Las escenas del incendio en el bar Le Constellation de Crans-Montana son escalofriantes. Sobre todo, porque quienes las observamos sabemos lo que ocurrirá. Somos conscientes de que esas bengalas en un local cerrado con una escalera estrecha como única vía de salida son una temeridad. Conocemos la rapidez con la que el fuego se extenderá por el techo inflamable y dejará atrapados a decenas de jóvenes. Sabemos de sus alaridos desesperados tratando de escapar del infierno, de los gritos desgarradores de sus padres corriendo a rescatarlos, de la incredulidad y culpa de los supervivientes.
Los espectadores de ahora lo sabemos todo. Los trágicos protagonistas de entonces apenas sabían nada. Cualquier destello de raciocinio emborronado por la euforia del momento, las alertas adormiladas por la incredulidad… Y esas pantallas… Sí, las escenas del incendio son escalofriantes también por esos móviles que graban las primeras llamas mientras un solo chaval trata de apagar el fuego. ¿Habría variado el cómputo de víctimas si sus miradas no hubieran pasado por el filtro de la pantalla? ¿Sin esos vídeos que ahora permiten documentar la tragedia y que entonces pudieron suponer una trágica distracción inicial?
El móvil ya forma parte de la vida de la mayoría, también el impulso de registrar todo lo que nos impacta. Desde un paisaje, un plato, una escena divertida o un accidente trágico. Grabar para registrar lo que se intuye como un instante único, para poseerlo y revivirlo, también para compartirlo y conformar con él una imagen ampliada de nosotros mismos. La realidad convertida en material de una memoria externa infinita y como experiencia social. ¿Hasta qué punto esa utilización altera nuestra relación con la realidad?

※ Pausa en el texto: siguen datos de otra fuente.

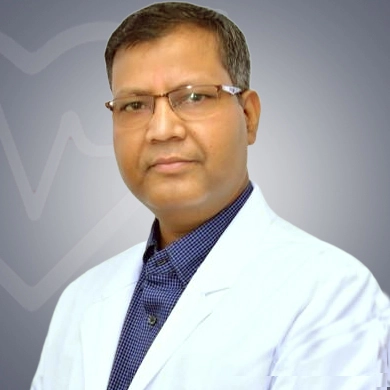 Dr. R. K Pandey Medserg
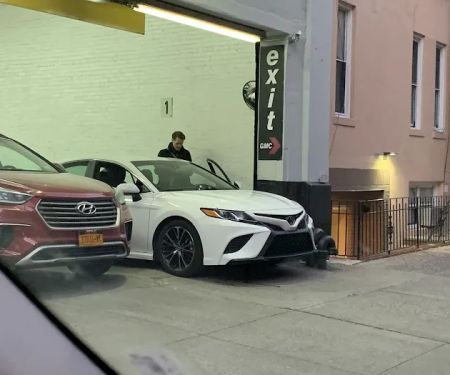 Enterprise Rent-A-Car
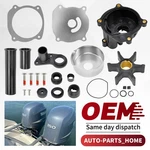 For Johnson Evinrude 150 235 Hp V6 Water Pump Impeller Kit 5001595 18-3315 Etec. Fixed Price $34.99.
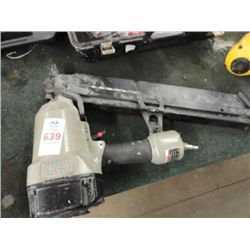 Porter Cable Air Nailer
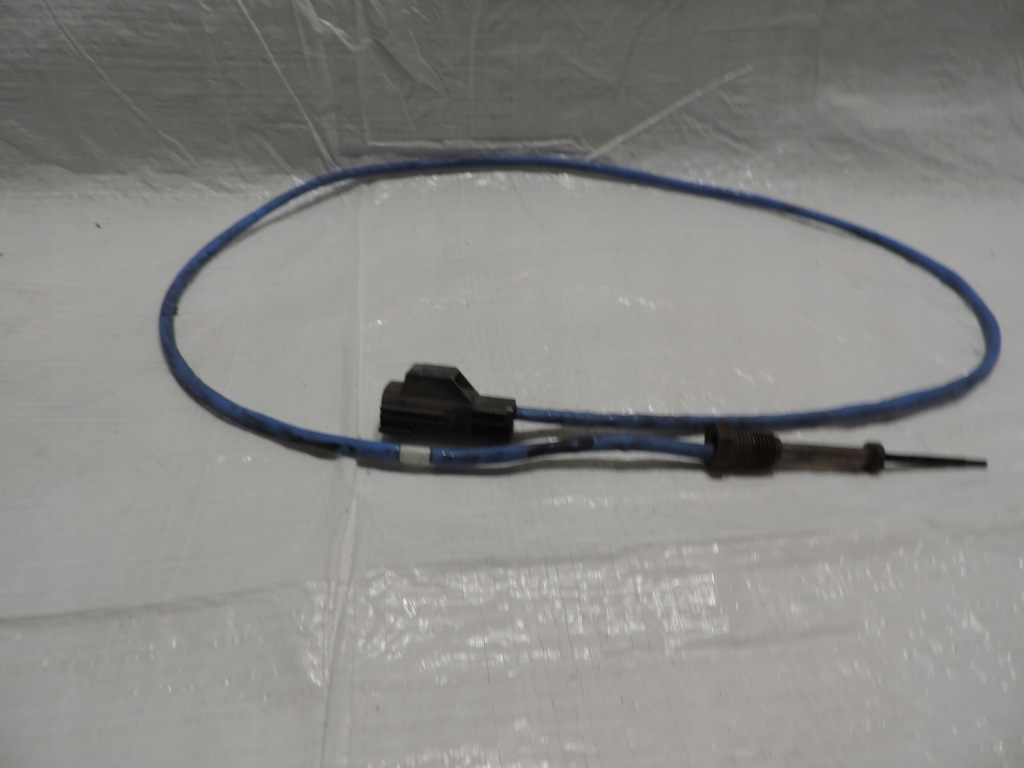 фото №1, Ford c-max mk2 2.0 tdci датчик температури вихлопних газів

Como un dios de dos caras, los móviles nos conectan al mundo tanto como pueden desconectarnos de lo que nos rodea. No es solo el llamado phubbing (atender la pantalla mientras se ningunea a las personas acompañantes), es la pérdida del foco de lo que verdaderamente ocurre alrededor y, por tanto, la incapacidad de responder a los riesgos reales. Las muertes o accidentes por selfis son un ejemplo. Se han documentado ataques de animales salvajes, accidentes de tráfico o electrocuciones por esa suma trágica de concentración en un foco y desatención al entorno, por el impulso de captar una imagen mientras se desatiende la seguridad real.
Los móviles no incendiaron la discoteca de Crans-Montana. Su ausencia tampoco hubiera evitado la tragedia, pero los vídeos delatan cómo la percepción y el comportamiento se ven alterados por las pantallas, cómo pueden llegar a distanciarnos de la realidad, incluso de la más insoportable: morir en Nochevieja cuando la vida apenas comienza.